┏━━
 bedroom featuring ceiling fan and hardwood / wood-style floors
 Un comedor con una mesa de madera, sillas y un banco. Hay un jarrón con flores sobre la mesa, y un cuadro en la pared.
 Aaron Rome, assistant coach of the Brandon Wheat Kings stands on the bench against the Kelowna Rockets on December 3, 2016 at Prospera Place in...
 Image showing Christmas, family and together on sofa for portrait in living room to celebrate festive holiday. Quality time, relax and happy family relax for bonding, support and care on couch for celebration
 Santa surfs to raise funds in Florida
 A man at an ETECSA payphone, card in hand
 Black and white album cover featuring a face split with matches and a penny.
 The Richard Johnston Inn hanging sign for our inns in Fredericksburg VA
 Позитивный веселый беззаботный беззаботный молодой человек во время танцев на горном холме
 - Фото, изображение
┗━━
┏━━
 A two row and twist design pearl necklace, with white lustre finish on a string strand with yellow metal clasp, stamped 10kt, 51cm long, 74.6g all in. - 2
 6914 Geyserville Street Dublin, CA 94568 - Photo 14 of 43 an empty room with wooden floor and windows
┗━━
* [What this task involves] With the line holding "The Richard Johnston" as the first and the line holding "- Фото, изображение" as the last, please transcribe exactly the lines of the material above in that range and nothing else.

* [Solution to this task]
 The Richard Johnston Inn hanging sign for our inns in Fredericksburg VA
 Позитивный веселый беззаботный беззаботный молодой человек во время танцев на горном холме
 - Фото, изображение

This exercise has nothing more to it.